This is the fancy, pricey, 80’s vibey eyewear that three-time World Champion Peter Sagan wears when he wins a brutal one day classic on the cobblestones like Paris-Roubaix or takes the sprinter’s green jersey at the Tour de France year after year.
Having spent my career in marketing making up all sorts of haft-truths, I’ll admit to a certain suspicion regarding an eyewear design that not only promised optical clarity but also, strangely, uniquely, a better breathing apparatus in the bargain.
I was wrong to doubt the crazy wisdom of 100%.
I got the full demo at the 100% booth and came away converted. Enough to want to plunk down $325 for the Speedcraft Air with HiPER Red Multilayer Mirror lens.
The “nasal dilator” part of the experience is disconcerting and exciting. Here’s how it works. You tear open and take out a moist towelette from the set of small packets that come with the Speedcraft and proceed to wipe the oil off the sides of your nose. Then you take a small black rubber applicator — basically a plastic nubbin — and stick a small round magnet on each side of your nose. It’s simple and quick, sort of a magnetized version of a Breath Right strip.

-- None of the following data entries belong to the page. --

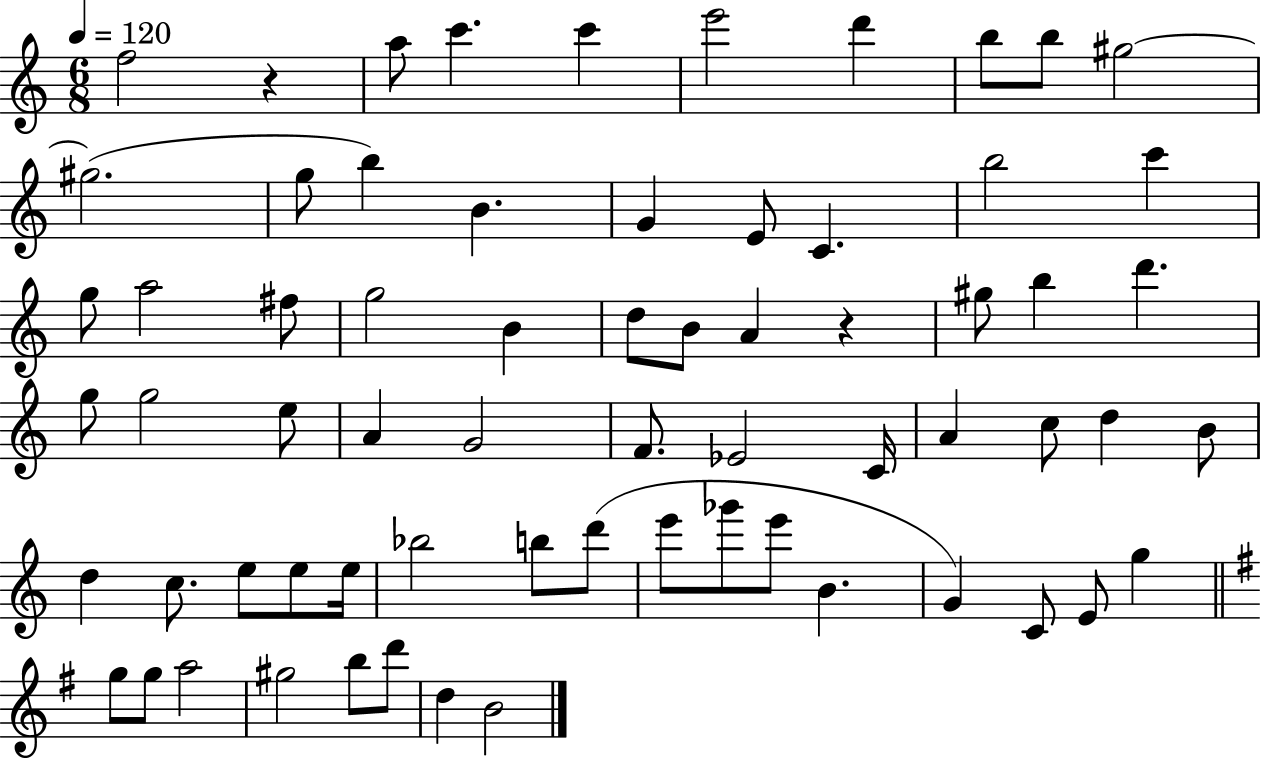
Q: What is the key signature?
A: C major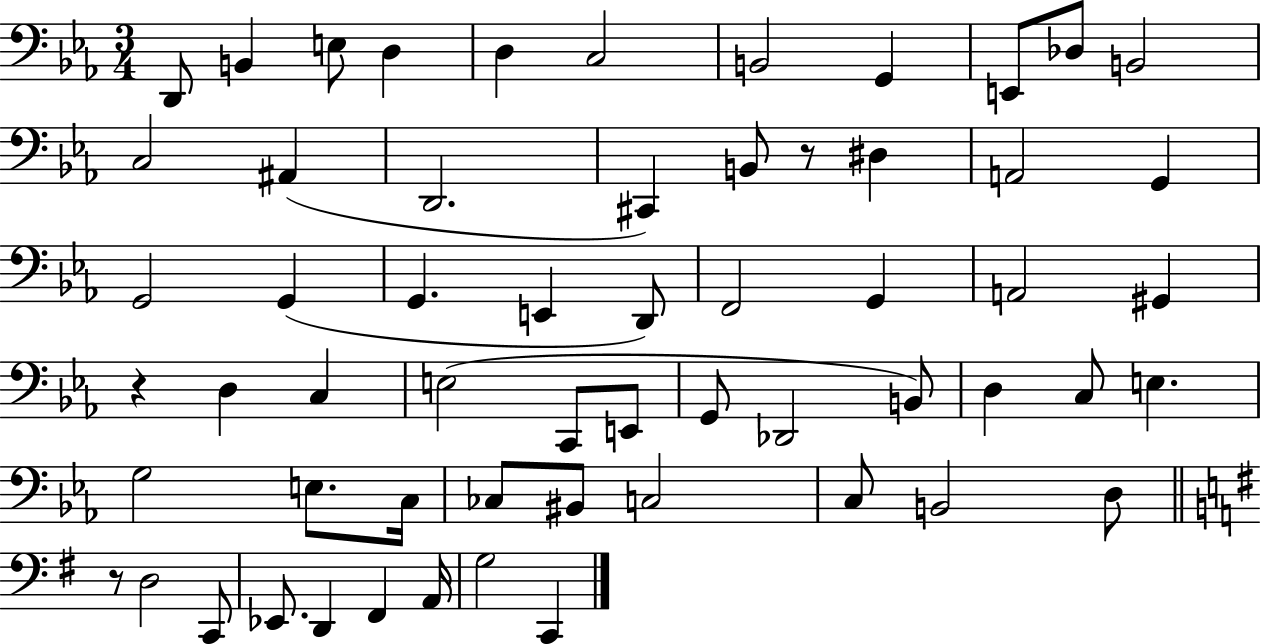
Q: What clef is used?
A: bass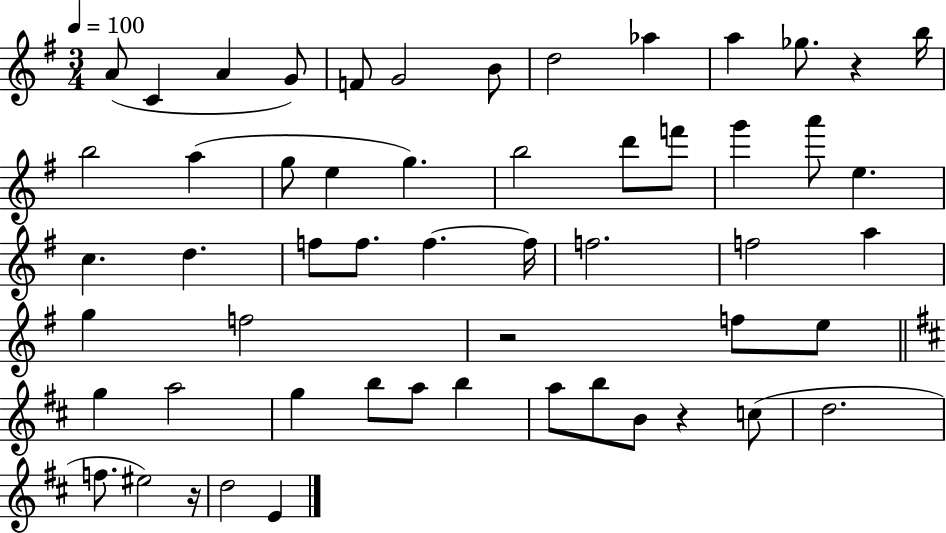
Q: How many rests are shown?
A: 4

Then, the magic. You slide on your Speedcraft and instantly the extended nose side pieces (also magnetized) snap onto the magnets on the side of your nose. Wow, that is not an experience I’ve ever had before. It’s dramatic and breath-changing.
The whole package
The next revelation happens when you slide the dial at the top center of the Speedcraft lens. This action will move the nose side pieces out wider, pulling the sides of your nose out and opening your nasal passages. It’s basically the ability to dial open your breathing. Thats quite a meaningful benefit in an endurance sport like cycling where optimizing your breathing will lower all kinds of stress factors in your body and allow you to perform at a higher level.
I will have to repeat that turning a dial on the top of your eyewear to expand your nasal passages feels dramatic and significant. I was dying to immediately jump on my bike and jam up a major climb to see how differently my breathing and heart rate and perceived effort would change.
There are all kinds of scientific studies about the benefits of breathing through your nose versus mouth breathing. As an asthmatic kid and someone with a long narrow nose and partially deviated septum (since surgically straightened a bit) I was highly excited about this Speedcraft effect.
Now, that brings us to styling. I won’t be the first to point out the Speedcraft’s homage to oversized 80’s eyewear. It almost looks like this came out of the Oakley or Nike vault as a vintage rework. That said, it’s not throwback as much as an update. And you could argue that the slightly chunky frame angles and styling stick out in a world of minimalist sleek.
Without a pair for review, I can’t speak to the optical clarity of the lenses other than to say the iconic word Zeiss. Yes, German precision engineering with a long rep for obsessive perfection. I’m working on getting.a pair for for test so stay tuned.
The Speedcraft comes with the HiPER Red Multilayer Mirror lens and a clear version, travel case, a package of cleaning wipes, magnets and applicator. You can purchase refills on the magnets and wipes on the !00% website — although I suspect you’d do fine with cotton pads and rubbing alcohol for the cleaning.
Final word: The Speedcraft Air is an intriguing concept that’s different for any eyewear on the market. If you like breathing better, I’d say they’re worth a serious look. And if you’re not into the Air, there’s always Sagan’s new Glendale.